En la Última Cena del Jueves Santo,
Jesús también reveló el deseo ardiente de su corazón: “Con ansia he deseado
comer esta Pascua con ustedes.” Él busca más estar con nosotros que a veces nosotros estar con Él, porque en su
corazón hay un amor que no se rinde, que siempre espera. Él tiene por nosotros
un amor que se hace pan para ser compartido, sangre para poder ser derramada,
vida para poder ser ofrecida.
En esta noche santa también
celebramos el don del sacerdocio ministerial, es decir, del sacramento que hace
posible la presencia del misterio eucarístico dentro de nuestra vida y de
nuestro mundo por medio de unos hombres frágiles, pecadores como nosotros.
Cuando les dijo a sus apóstoles: “Hagan esto en memoria mía”, les estaba
confiando a ellos y, en ellos, a todos los sacerdotes de la historia, la misión
de hacer presente su sacrificio en cada altar del mundo.
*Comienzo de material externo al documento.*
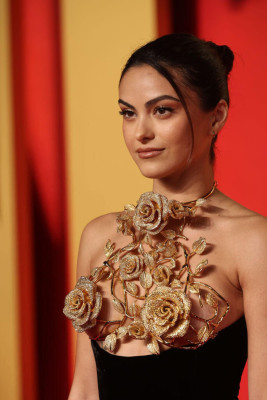 Camila Mendes pic #1348480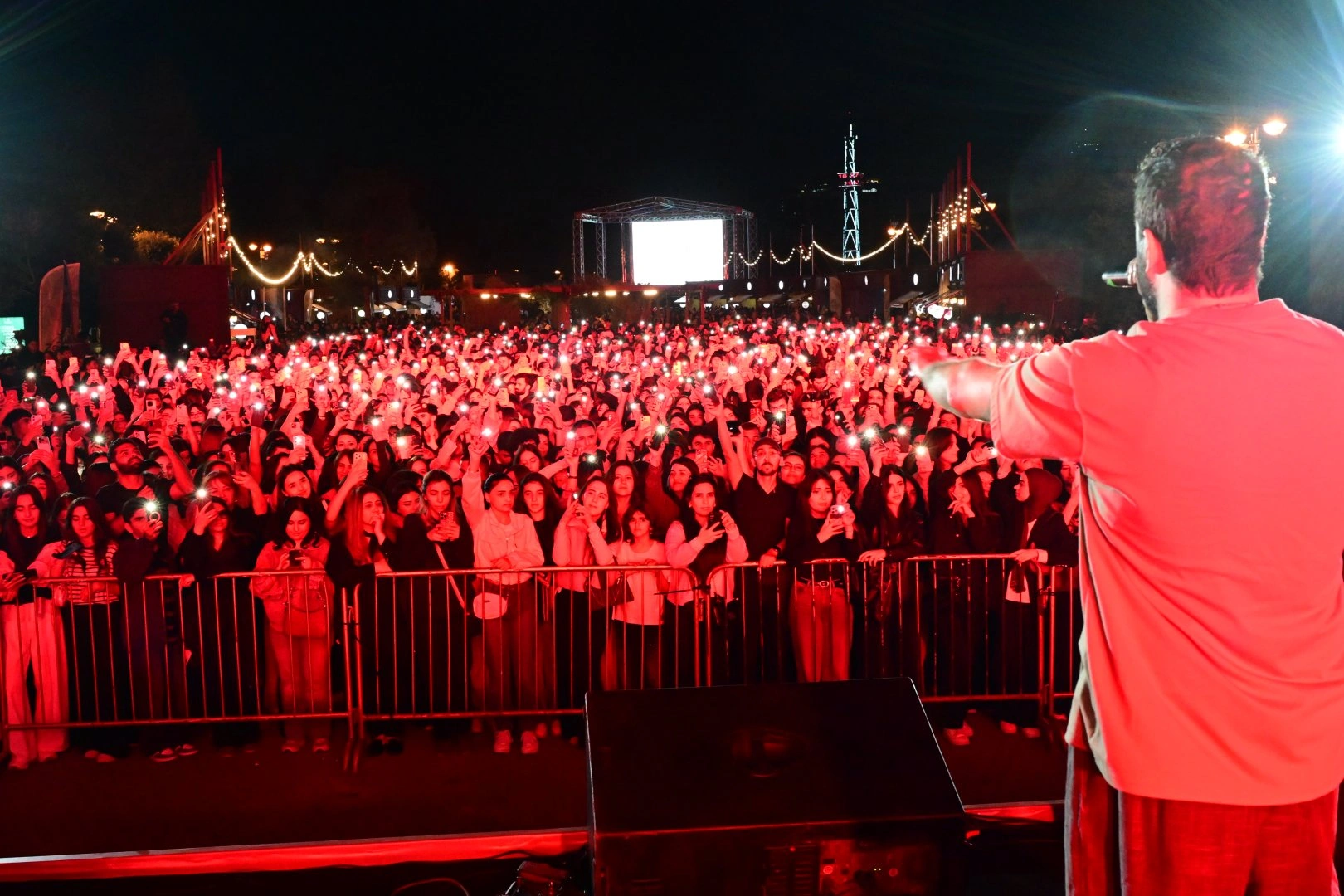 Pop stars take stage at Baku Olive Festival (PHOTO)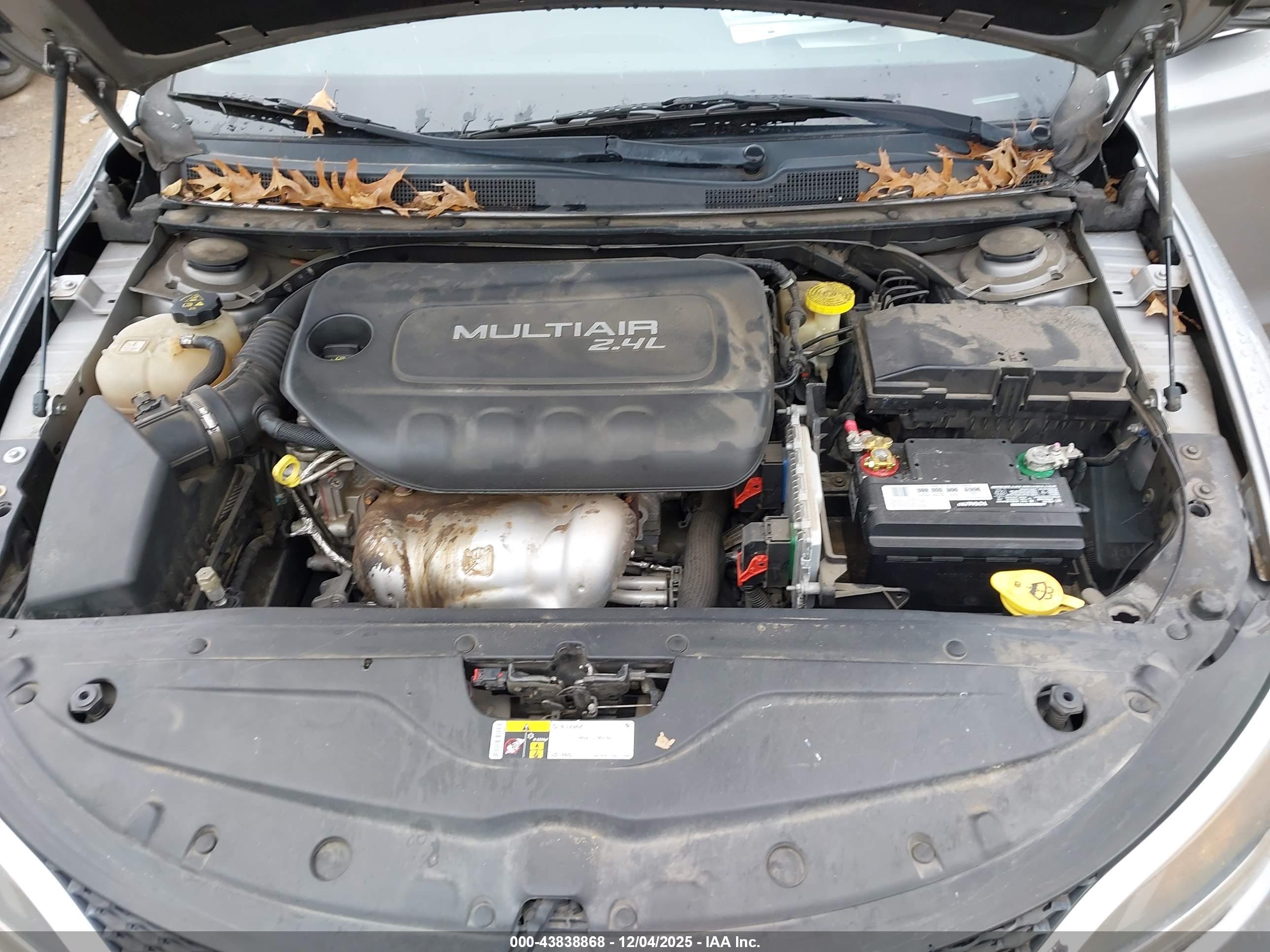 CHRYSLER 200 image 10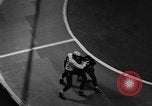 Standbild roller Derby Los Angeles California USA, 1938, aus Sekunde 20 historischem Filmmaterial Videoclip 65675072655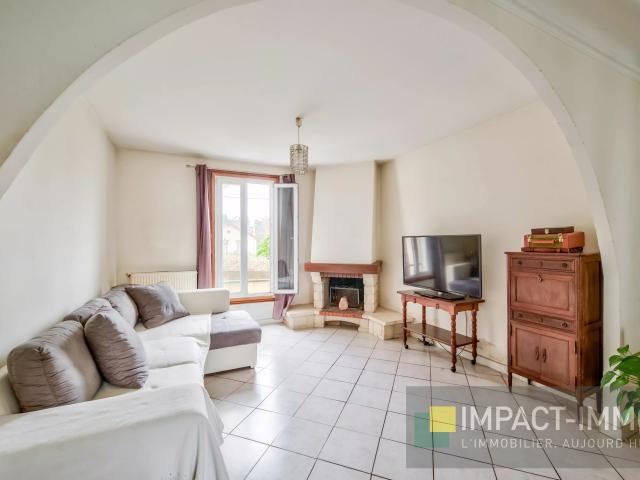 Maison 6 pièces 156 m²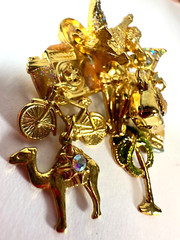 Vintage Brooch Kirks Folly Charms Travel Adventure Dangle Goldtone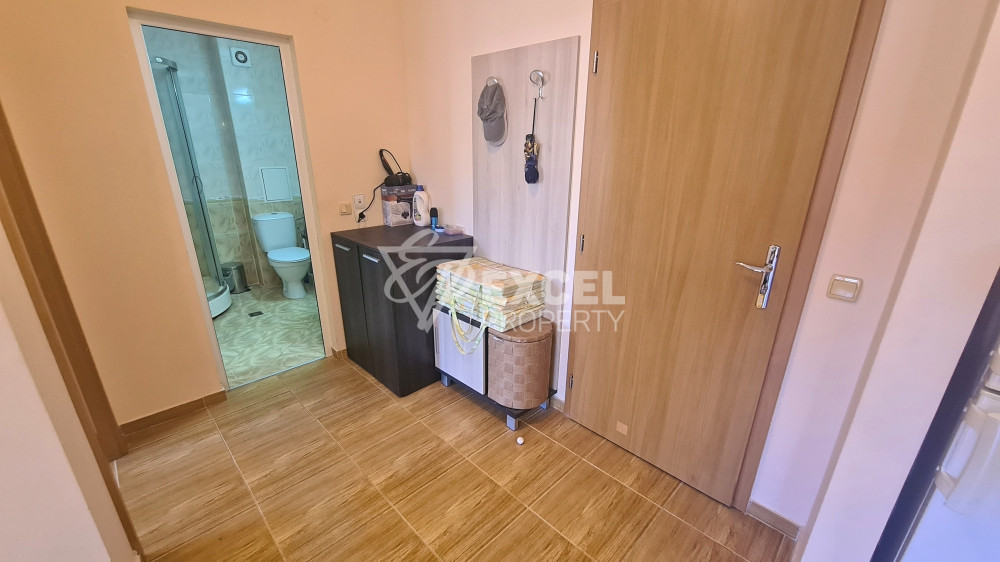 Просторен и красив двустаен апартамент с гледка басейн в Свети Влас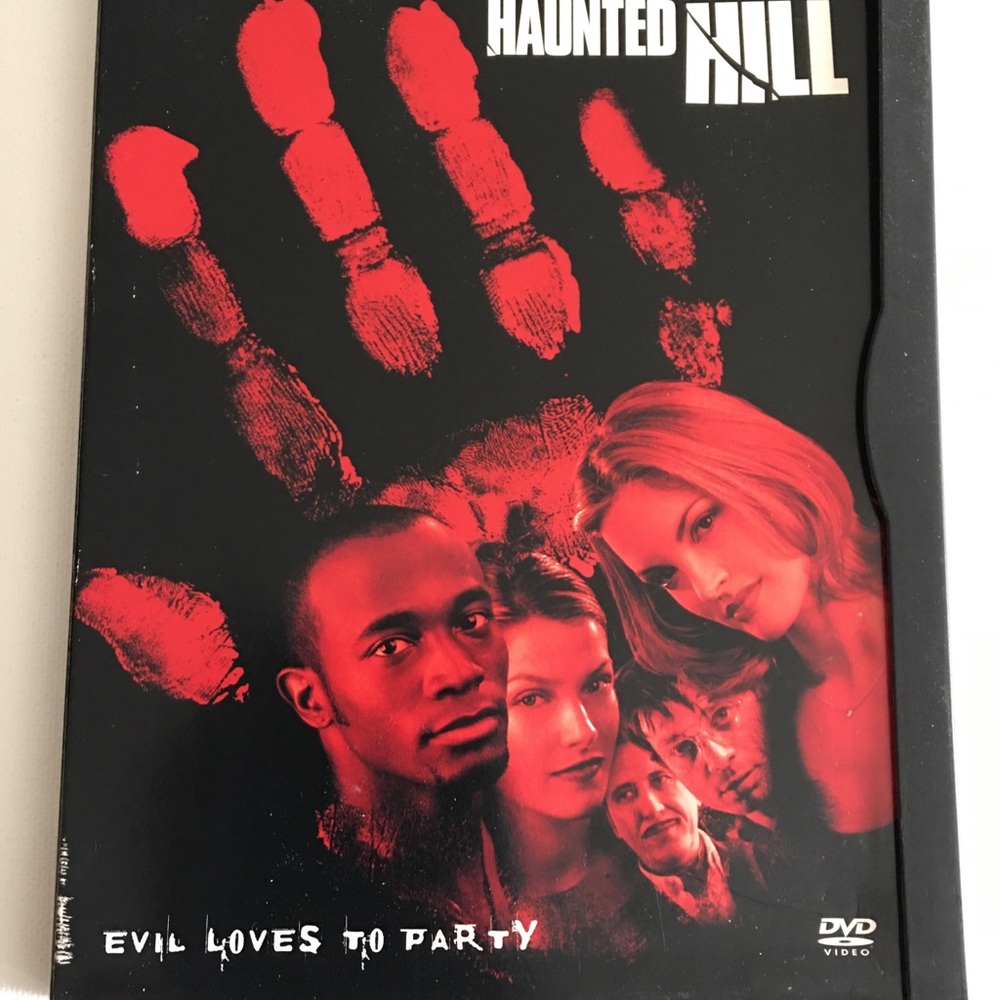 HOUSE ON HAUNTED HILL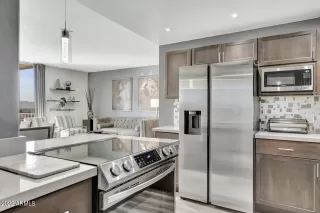 Photo #6: 6351693 Listing 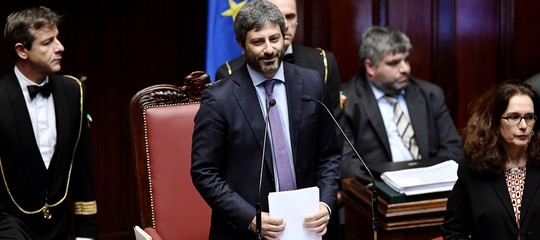 Tutti parlano di un incarico esplorativo a Fico. Che però potrebbe spaccare il Pd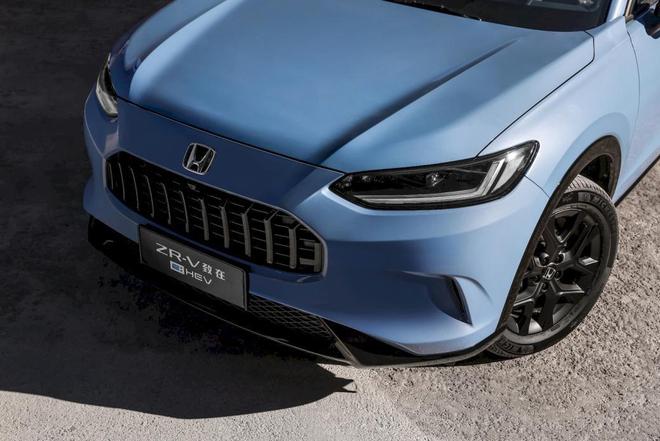 ZR-V������ҫ�����㳡 ���������˳����ı���ȫ��SUV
Tenemos que dar
gracias a Dios por cada sacerdote que nos parte el pan, que nos anuncia la
palabra y que nos acompaña. Sabemos que son frágiles, sabemos que son
pecadores, pero también sabemos que son parte del misterio de amor de Dios que
se hace presente a través de la pequeñez de un trozo de pan y un poco de vino,
y de la pequeñez de un hombre que con su fragilidad, es instrumento del amor de
Cristo.
Hoy, Jueves Santo, deberíamos
entrar en nuestro corazón y preguntarnos con sencillez y con paz: ¿Qué hacemos
ante esta entrega? ¿Cómo respondemos al amor de Dios que se parte y se reparte
por nosotros? ¿Acaso hay indiferencia en mi corazón? ¿Puedo volver a mi lugar
como si no hubiera pasado nada? Cristo, en este Jueves Santo, nos invita a
comulgar con Él, no solo en el rito, sino con toda la vida. Nos invita a ser
como Él, alimento para los demás, consuelo en el dolor, presencia en la
soledad, perdón en el pecado.
Este Jueves Santo, Jesús se
arrodilla para lavar los pies a los discípulos. Jesús parte el pan, Jesús ofrece
el cáliz, Jesús nos ofrece su corazón con una ternura infinita. Dejemos que
todo este amor entre a la vida concreta de cada uno, a la vida de nuestras
familias, a lo que nos preocupa de nuestros hijos, a lo que nos asusta de
nuestro mundo. Porque Él no viene a imponerse, sino a ofrecerse. Él no viene a
exigir, sino a entregarse. Que en esta noche santa, cada uno de nosotros
reavive en su corazón el anhelo de amar como Él nos ama, de vivir con Él, de
modo que al recibir su cuerpo y su sangre, abramos nuestra alma para
transformar nuestra vida y podamos iluminar las noches oscuras de los demás,
como Él iluminó la noche oscura de sus discípulos con su amor.